● Material supplied:

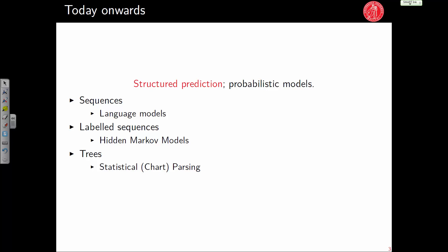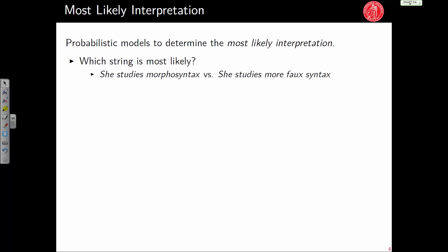In all these cases we are working with probabilistic models, so there is a sense of probability and likelihood of the output, in contrast to the geometric models we used before. In probabilistic models we want to determine the most likely interpretation. For example, which of the two strings is most likely: 'she studies more for syntax' or 'she studies more for sintax'? A speech recognizer needs a way to decide which of these sentences is more likely in the English language.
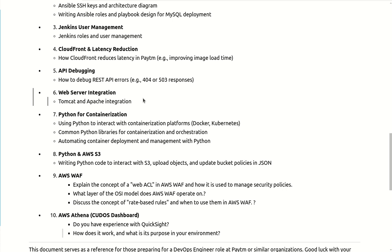Next section they asked related to - they wanted to touch the Python skill set. They wanted to judge my Python scripting skill set. So they asked like using the Python to interact with the containerization platform Docker and Kubernetes - how you will do that. And as I mentioned I have experience in Python and shell scripting, so they started asking what kind of libraries you use for containerization and orchestration to verify whether I worked on Python or not.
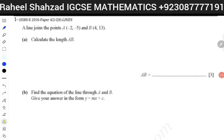Hello students, assalamu alaikum. For coordinate geometry, in this video we are going to discuss some questions from past papers. In my previous video we did some topic explanations, so now let's start. This is a question from 2016.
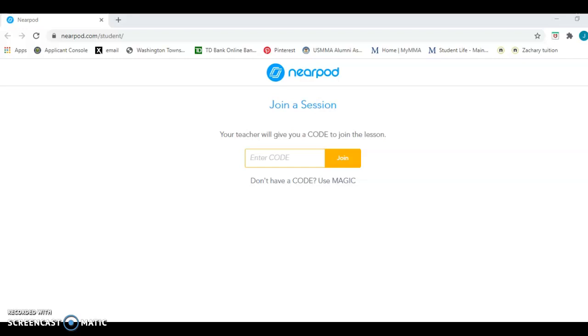Hi boys and girls. Today we're going to learn about an app called Nearpod.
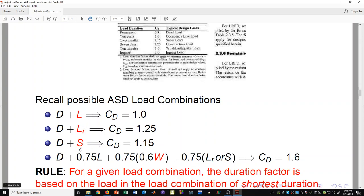All of the loads we've looked at so far are shorter duration than dead load. In a load combination containing dead, floor live, wind, and roof live or snow, the shortest duration load is wind. Wind can be there for a few seconds and then die down, causing short-duration impulse-type loads — maybe a 10-minute type load where the biggest gust comes along and then leaves. Since wind is the load of shortest duration, the duration factor is 1.6.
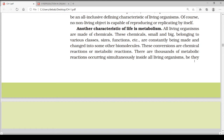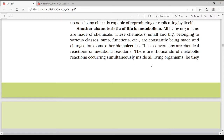Another characteristic of life is metabolism. All living organisms are made of chemicals. These chemicals — small and big, belonging to various classes, sizes, and functions — are constantly being made and changed into other biomolecules. These conversions are chemical reactions, or metabolic reactions. There are thousands of metabolic reactions occurring simultaneously inside our body.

● Exercise goal:
Skip every picture and return the lines above from the top through the one that contains "Hi boys and".

● Task response:
In all these cases we are working with probabilistic models, so there is a sense of probability and likelihood of the output, in contrast to the geometric models we used before. In probabilistic models we want to determine the most likely interpretation. For example, which of the two strings is most likely: 'she studies more for syntax' or 'she studies more for sintax'? A speech recognizer needs a way to decide which of these sentences is more likely in the English language.
Next section they asked related to - they wanted to touch the Python skill set. They wanted to judge my Python scripting skill set. So they asked like using the Python to interact with the containerization platform Docker and Kubernetes - how you will do that. And as I mentioned I have experience in Python and shell scripting, so they started asking what kind of libraries you use for containerization and orchestration to verify whether I worked on Python or not.
Hello students, assalamu alaikum. For coordinate geometry, in this video we are going to discuss some questions from past papers. In my previous video we did some topic explanations, so now let's start. This is a question from 2016.
Hi boys and girls. Today we're going to learn about an app called Nearpod.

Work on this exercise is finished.